Daí, talvez, se explique tanto desconforto causado por essa e outras narrativas
que trazem, simplesmente, uma forma de amar.
Parece
que representar relações lésbicas sempre traz, na maioria das vezes, uma sombra
de lesbofobia. Então para que continuar a incomodar? Parece adequado trazer as
provocações e respostas de Rosi Braidotti (2015). Para que tentar positivar,
nesses tempos de intolerância, nosso “fracasso” conjuntural em abrigar identidades
diversas? O que isso mesmo significa para nossos futuros sustentáveis, a serem
construídos coletivamente e com a esperança ainda, apesar de tantos números e
notícias aterradoras de retrocessos? Para
que? Mais uma vez, recorro às palavras de Rosi Braidotti, ao enfatizar que
devemos manter as esperanças de mudança e de práticas políticas de resistência,
tendo em vista, sempre, nossos interlocutores e interlocutoras mais
importantes: os que virão depois de nós.
Sigamos, então, com as palavras dela a respeito de seu projeto de ética
afirmadora de futuros sustentáveis: “Por que continuar com este projeto? Por
nenhuma razão em particular. Aqui a razão não tem nada a ver. Trata-se de atuar
pelo gosto de fazê-lo, para ser dignos de nosso tempo resistindo ao presente,
por amor ao mundo” (Braidotti, 2018, p.146).
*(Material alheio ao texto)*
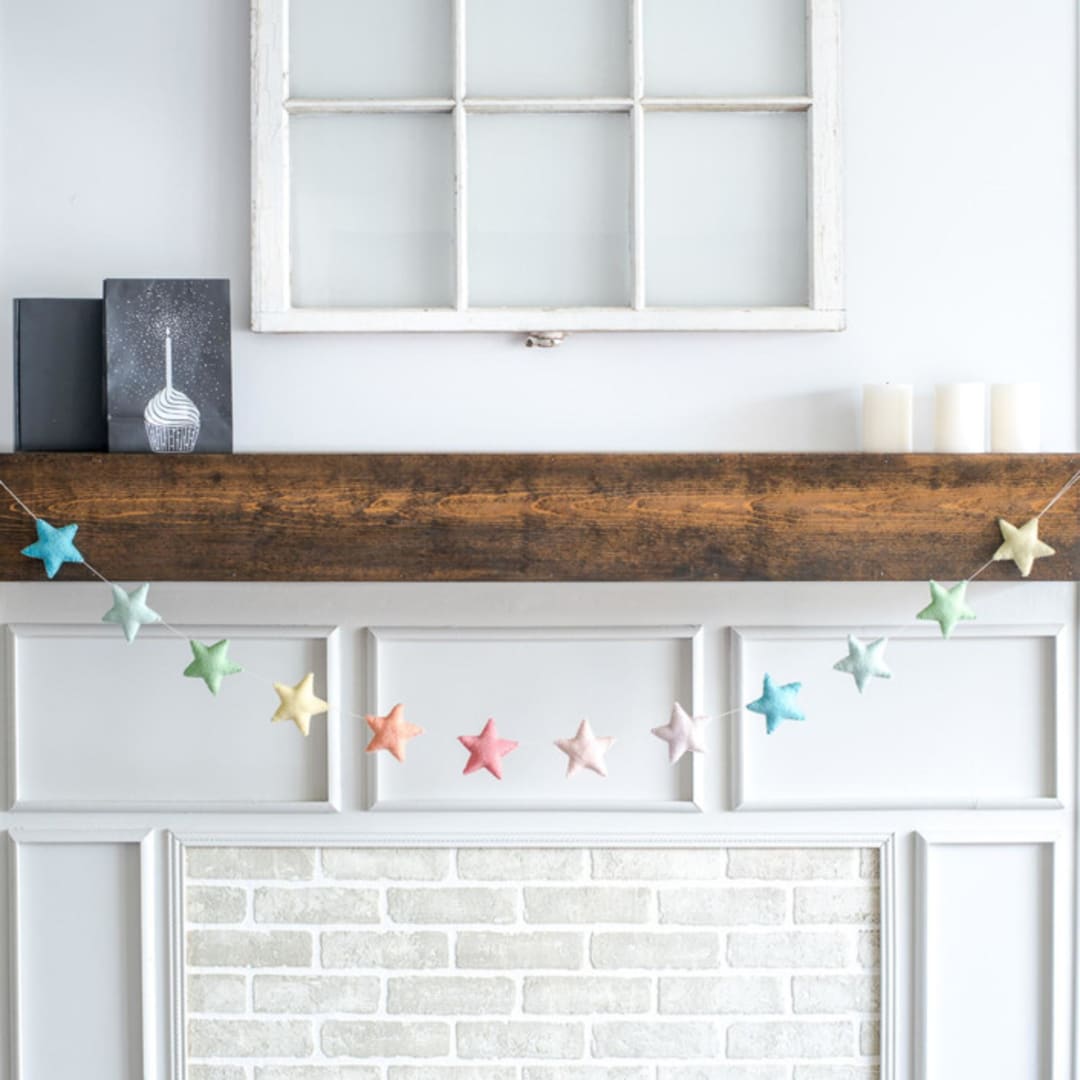 "Star Garland (Soft Rainbow, 6 feet)" - Garlands in multicolor by Nivas Collection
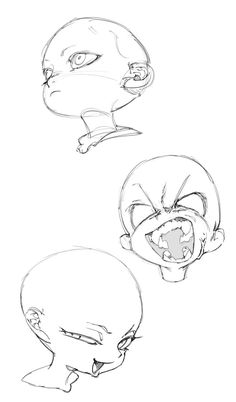 three different angles of a cartoon character's head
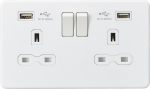 13A 2G switched socket with dual USB charger A + A (2.4A) - Matt white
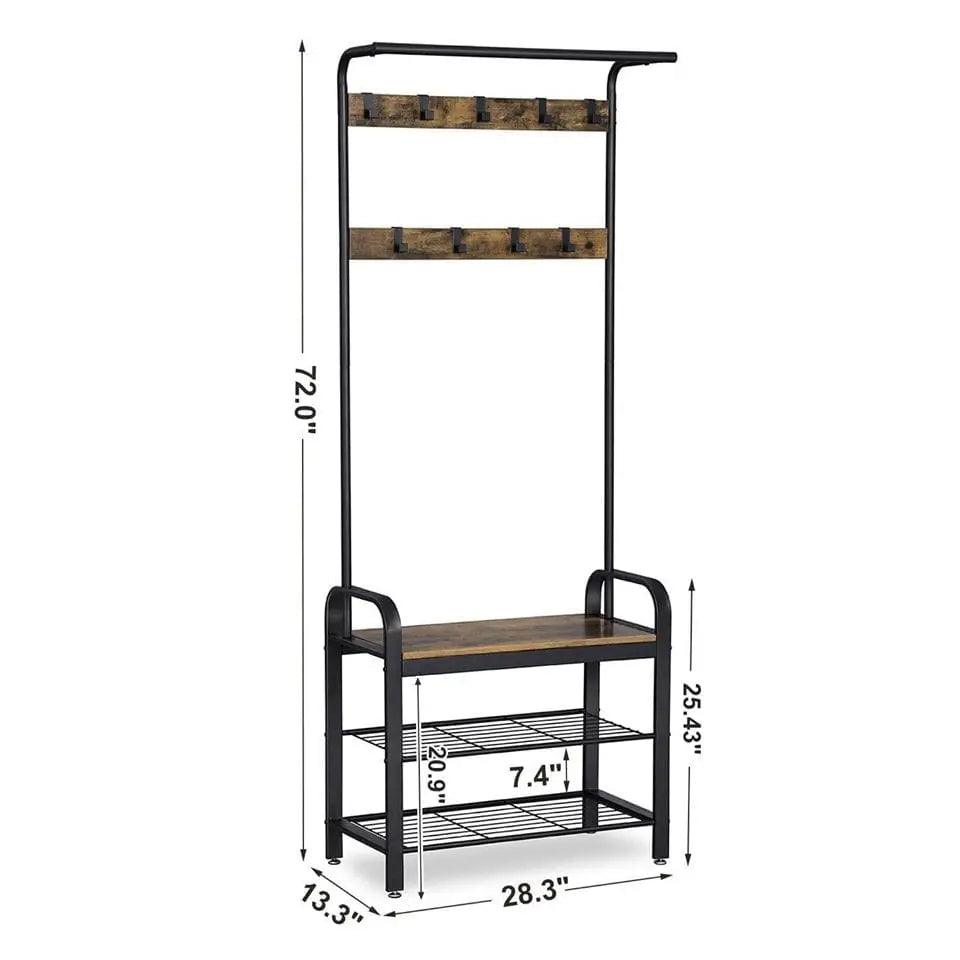 Coat Rack with Bench, Conquer Clutter with the 4-in-1 Hall Tree.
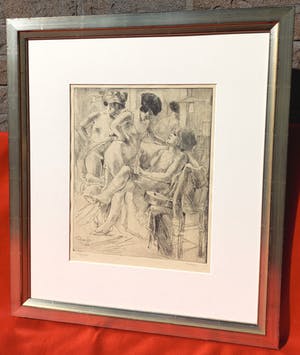 Armand Rassenforse - Coulisses, ets (zeer mooi ingelijst) kopen? Bied vanaf 250!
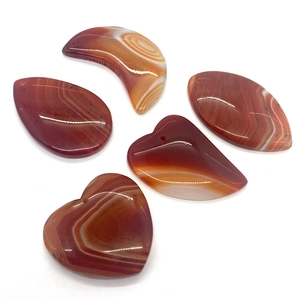 Five pieces set of natural red sardonyx agate pendants in various geometric shapes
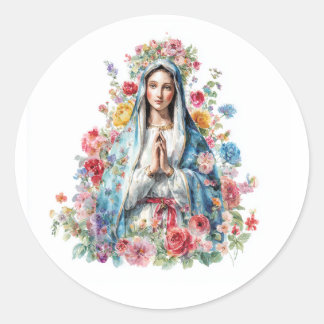 Adesivo Floral Virgin Mary Watercolor Religious Catholic 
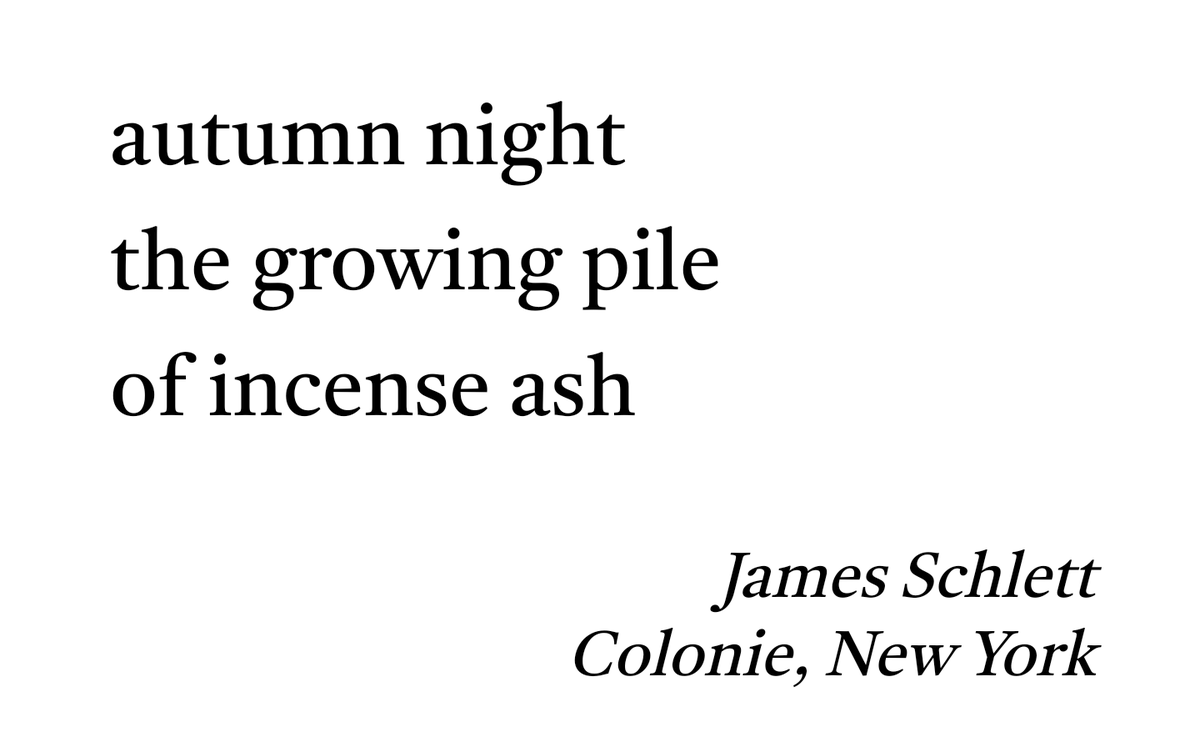 I got this #haiku published in March 2022 edition of The Heron’s Nest: bit.ly/3pwlXcN

autumn night
the growing pile
of incense ash

#poetry #nature #zen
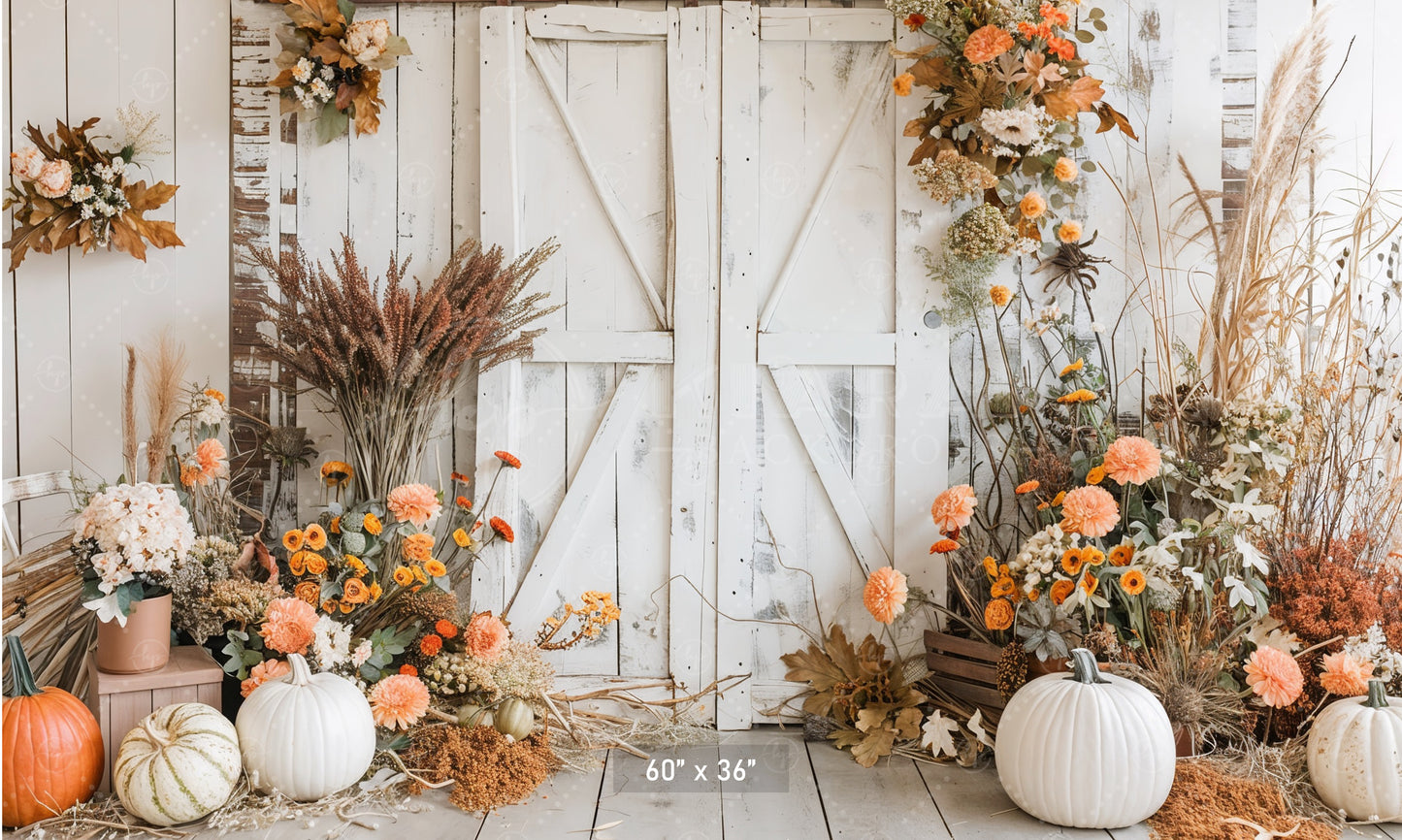 Rustic Harvest Barn Door Backdrop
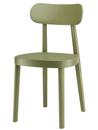 118 / 118 M Chair, Olive green stained beech, Moulded plywood seat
Referências bibliográficas
AHMED, Sara. La
politica cultural de las emociones. Trad. Cecilia Olivares Mansuy. México:
Unam/Programa Universitário de Estudios de Género, 2015.
BAIDROTTI, Rosi. Por
uma política afirmativa: Itinerarios éticos. Trad. de Juan Carlos Gentile Vitale. Barcelona: Gedisa,
2018.
BENSIMON, Carol. Todos nós adorávamos caubóis. São
Paulo: Companhia das Letras, 2013.
POLESSO, Natália Borges. Amora. Porto Alegre: Não Editora, 2015.
YOUNG, Iris Marion. “O gênero como serialidade: pensar as
mulheres como um coletivo social.” Trad. de Laura Fonseca e Marinela Freitas. EX AEQUO (Revista da Associação
Portuguesa de Estudos sobre as Mulheres) nº 8, janeiro de 2004. pp.113-139.